Et d’expliquer que les écologistes prônent le maintien des ranchs, parce que les propriétaires ont une réelle conscience écologique dans une région réputée sensible à cause de la proximité des Baies de San Francisco et de Tomales, ses deux principaux estuaires.

Les fermiers comme Ralph ont cependant d’autres raisons de rester: «Mon grand-père a fait promettre à tous ses enfants qu’ils n’hypothèqueront jamais leur terre. Il a payé comptant tous les ranchs achetés dans les comtés de Marin et Sonoma. Une des valeurs principales laissées à chacun de nous est que la terre est notre héritage. Nos grands-parents et parents ont travaillé pour cela. On ne risque pas sa terre.»

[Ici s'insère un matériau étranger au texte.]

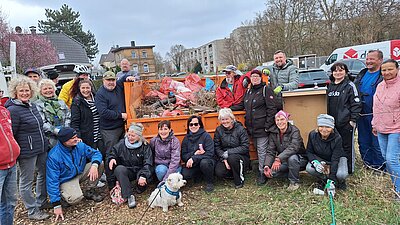 Gruppenfoto bestehend aus mehreren Beteiligten der Initiative, die vor einem befüllten Container stehen.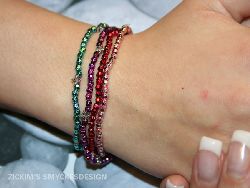 AR008 Multisparkle: Armband med elastiskt band i 4 frger...65:- SLD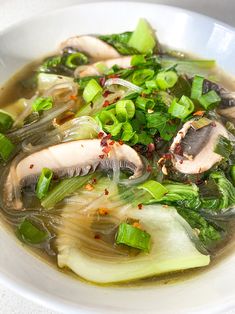 a white bowl filled with soup and vegetables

Dale Bechtel, comté de Marin, Californie, swissinfo.ch
(Traduction de l’anglais: Philippe Varrin)

Produits laitiers. De 1860 jusqu’en 1890, les fermes laitières du comté de Marin fournissaient en grande partie la ville de San Francisco en beurre et en fromage. Le beurre produit dans les fermes aux alentours de Point Reyes était considéré comme ayant la meilleure qualité de tout l’Etat.

Emigration. Selon un recensement établi à Marin en 1890, la Suisse pointait un deuxième rang avec 165 habitants nés en Suisse contre 320 nés en Irlande. D’après les historiens locaux, ce sont les Suisses et les immigrants polonais qui ont repris les fermes laitières.

Fête suisse. Les Suisses étaient bien établis dans le nord de la Californie à la fin du 19ème siècle. Un journal de 1888 affiché au Musée d’histoire de Marin parle d’une «journée de gala», lorsque plus d’un millier de personnes avaient fait le déplacement de Tomales pour participer à la «fête suisse».

Les officiels arrivèrent en train depuis San Francisco pour faire et écouter des discours. Un long cortège formé «de chariots, poussettes et voitures familiales s’étendait sur près de deux km et ressemblait en quelque sorte à une ‘gay pride’.»

Source: Musée d’histoire du comté de Marin

MALT a été fondé en 1980 par une coalition de fermiers et d’écologistes afin de protéger les terres agricoles du comté.

L’association acquiert des droits de passage sur les terres agricoles lors de transaction bénévoles avec les propriétaires.

Actuellement, MALT a ainsi protégé plus de 160 hectares de terre pour 63 familles et ranchs.